海外でのロックダウンのニュースは記憶に新しく、フランスもこれを実施した国の1つ。外出が制限され、気軽に買い物に行けないのなら、自分達で作ろう!と、庭先やベランダで始めた人たちが多くいました。その流れもあり、身近な地域で採れたものを消費する、地産地消の動きも出てきています。
輸入食材は輸送時に環境負荷がかかる他、長期間の輸送に耐えうるよう、ポストハーベスト(収穫後に使われる農薬)が必要です。ポストハーベストは栽培時に撒かれる農薬よりも濃度が非常に高いため、健康被害が懸念されています。
このように環境・健康へのリスクが高いものに対して、関心を持つ多くの人たちがオーガニックや家庭菜園、地産地消といった選択肢を取り入れています。
日本で私たちができること
日本では、手軽に安く美味しく食べられるものがたくさんあります。つまり、それらの方が需要が高く、安全性にはまだまだ焦点が当て切れていない実情があります。フランスのように国が積極的に介入する動きもない中、私たち自ら食について知識を深めていく必要があります。
改めて、日本の農業事情についても見ていきましょう。日本は諸外国と比べて、農薬の使用量が多い、と聞いたことがありませんか。その背景には、気候や農産物の種類が起因しています。欧米各国より温暖で湿度も高く、虫が発生しやすい環境下。そして小麦に比べ、米はもともと農薬使用が多い作物です。農薬を使わざるを得ない背景があることは、知っておきたい農業事情です。
そうは言っても、オーガニックは割高だし、農薬を受け入れるしかないのでしょうか?対策の1つは、「農薬を落とす」こと。水洗いも大切ですが、「50度洗い」という方法も有効です。元々は鮮度を保つ方法ですが、水では落としきれない農薬を落とす効果が見込めます。

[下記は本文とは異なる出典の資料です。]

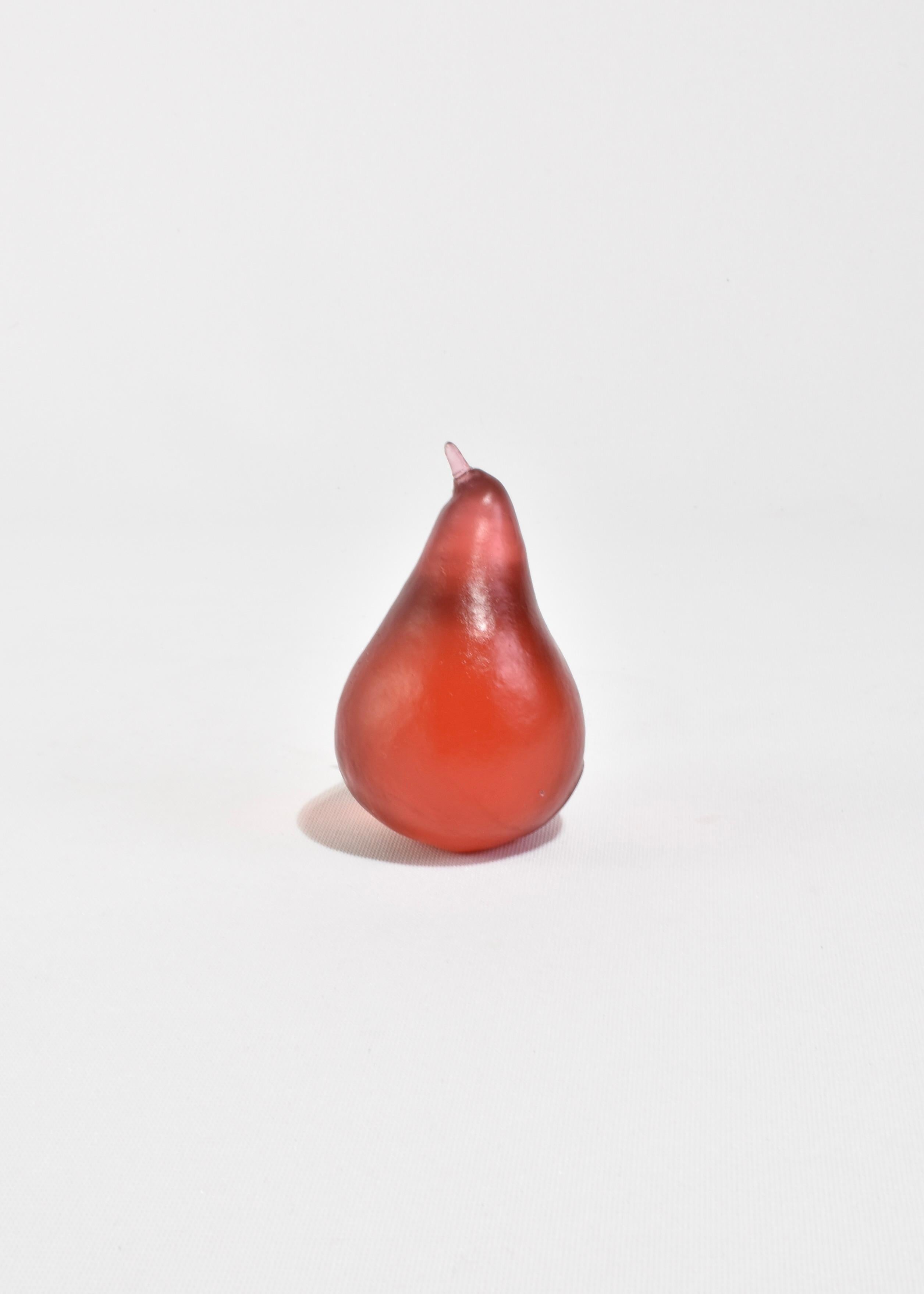 Glass Pear in Ruby In New Condition For Sale In Richmond, VA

やり方は、50度のお湯で野菜を洗うだけ。温度計がなければ、冷蔵庫で冷やした水と沸騰したお湯同量で約50度にすることが可能です。ただし43度以下だと雑菌が繁殖してしまうのでご注意を。また、ホタテの貝殻などナチュラルなものを主成分とした専用の農薬落としも市販されているので、こちらだと手間が少なく便利に使えます。ほとんどのものが環境に優しい成分でできているため、その点も安心して使えます。

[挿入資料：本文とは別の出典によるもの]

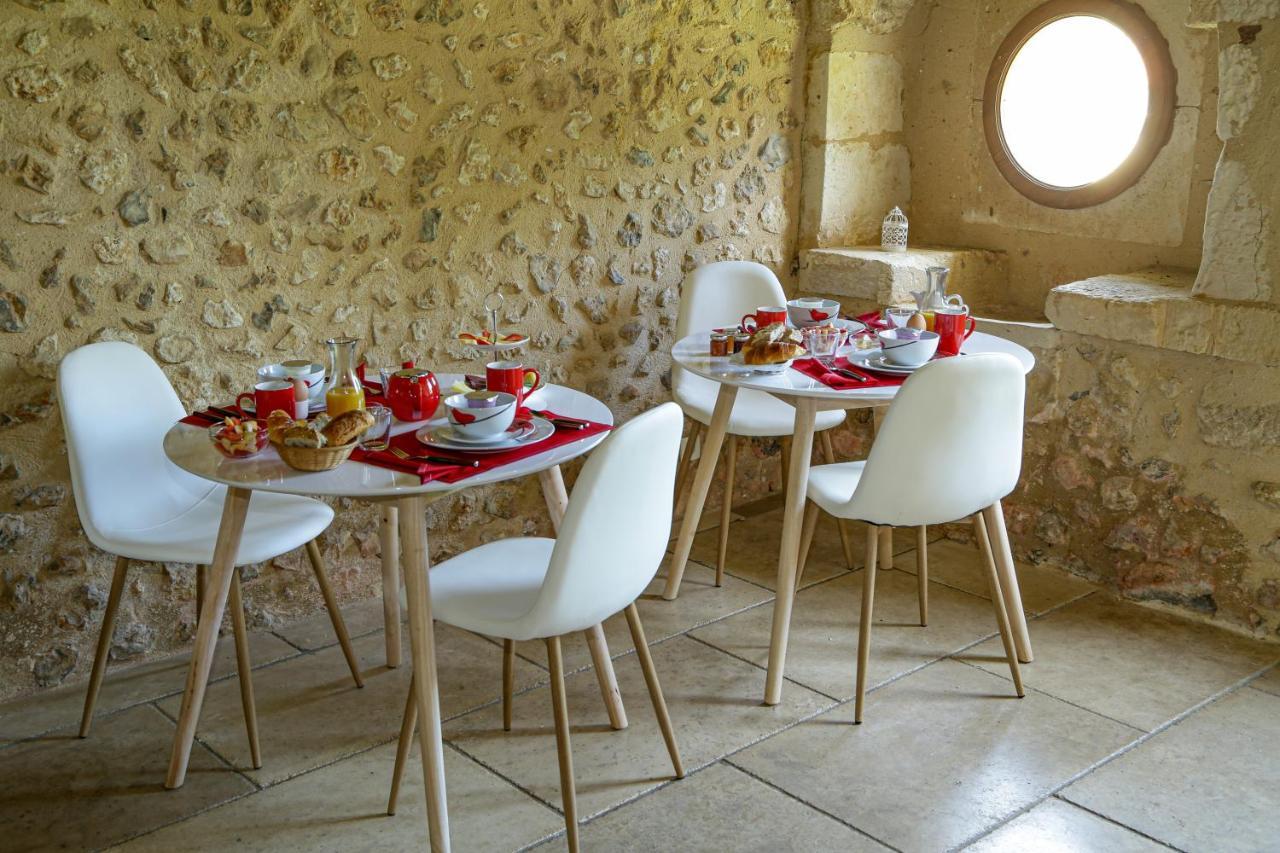 Domaine Du Bourg Salon Bed & Breakfast Екстериор снимка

フランスと日本の違いを見ていると、ついどちらが良い・悪いと判断したくなりますが、大事なのは違いを通して感じたこと・気づいたことを生かしていくこと。例えば、フランスの子どもたちはオーガニックを食べられる環境だけど、我が家も育ち盛りの子どもの分は試しに取り入れてみよう!といったように。今ある生活を基準に、無理なく食の安全を一緒に考えていきましょう。